Llewyn Davis es esta vez el cazador, pero al
contrario que El Nota, se toma la vida demasiado en serio. Llewyn Davis es un
Barton Fink del Greenwich Village de los años 60, un músico folk que solo dice
cuando canta, porque hablar habla pero nunca dice. Por la película pasan
multitud de artistas o gente que dice ser artista. Todos, sin excepción, hablan
de ellos. De su arte. Y a nadie le importa una mierda lo que dicen los demás. Una
merienda de egos desnudos, sin dinero. Porque el artista está siempre demasiado ocupado hablando de
sí mismo, de su tragedia, de que el chollo se le jodió por culpa de otros. La
incomprensión. Con un sofá por cama que a cada día o a cada rato se le cambia
de tapicería y de paredes. Vivir para ser artista, no para comer. Comer es para
gente que solo existe, gente común que busca un futuro, sin ínfulas. Gilipollas
mediocres. Pero Llewyn es especial. Tiene hijos como quien escribe canciones. Los deja estar en Akron cuando sabe que están vivos. No abre la caja, como tampoco la abría Barton en aquella playa de película. Se limita a abortar por filosofía y a vivir su tragedia con ansia felina.
Salen tres gatos en la
película. El primero lo lleva a cuestas sin querer, el segundo lo abandona
conscientemente. Al tercero lo atropella y no lo socorre. Los gatos son
animales egoístas y traicioneros a los que solo les importa ellos mismos. Como
los artistas. Como esos músicos precarios que se desnudan en cada estrofa,
rasgándose la voz y las vestiduras, sin recibir nada a cambio más que una
mirada displicente del representante. De ese mirlo blanco que solo le toca a unos elegidos. Capullos con suerte. Infelices. ¡Joder, me recuerda tanto a esos putos escritores que se creen artistas! ¿Qué mierda de vida es la que nos espera a la gente especial, a los elegidos, a
los que bufamos cada vez que nos topamos con uno de nuestra especie? Por eso le
duele que le tiren cacahuetes y le echen a bailar. Porque lo que él hace no es
un número: es su oficio, su acto de amor, su higiene íntima.
Llewyn se moja los
pies yendo a buscar un destino que le ningunea y se le escapa. Se le escapa
como el gato. Y como el gato, Llewyn regresa siempre al mismo punto y comete
los mismos errores. Se lleva las mismas hostias, se cansa el mismo número de
veces, se harta tanto de su vida y de sus compañeros muertos, que a cada vuelta
de tuerca se acaba enamorando más de sí mismo. «¿Es que no ves que el final es
el principio?», me dijo mi mujer cuando acababa la película. ¿El final es el
principio? No, no es eso... ¿Acaso no me dices tú a mí que siempre vuelvo una y otra vez
sobre las mismas obsesiones? ¿Que no aprendo? No hay final, es así de sencillo.

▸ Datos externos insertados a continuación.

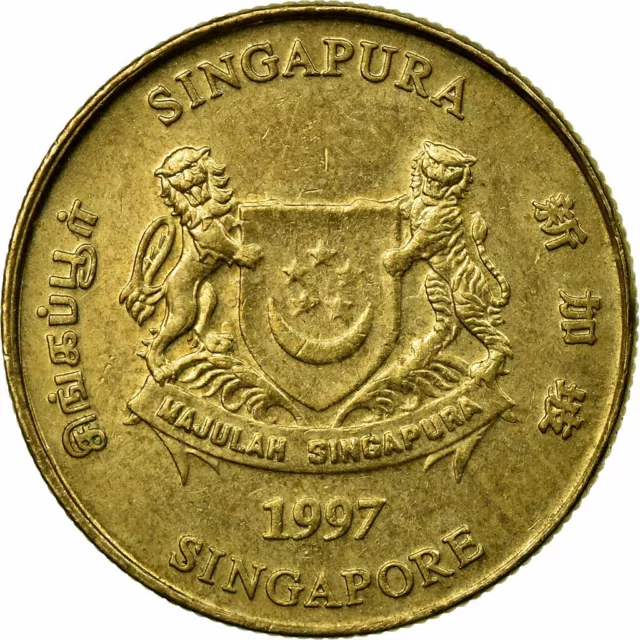 [#672119] Münze, Singapur, 5 Cents, 1997, Singapore Mint, SS, Aluminum-Bronze, K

Porque Ulises no es Ulises sin su Odisea. Porque, como a Llewyn, nos gusta ver
cómo todo se repite y sigue siendo una mierda. Con las costillas desolladas y
sangrando por los morros, nos despedimos de aquel coche que gira y que sabemos
que volverá a aparecer por la misma esquina dentro de tres noches. A Llewyn y a
mí nos gusta ser unos perdedores, unos músicos callejeros, de local de cuatro
duros y de media estrofa. A Llewyn y a mí, pobres diablos, nos encanta sangrar y ser especiales.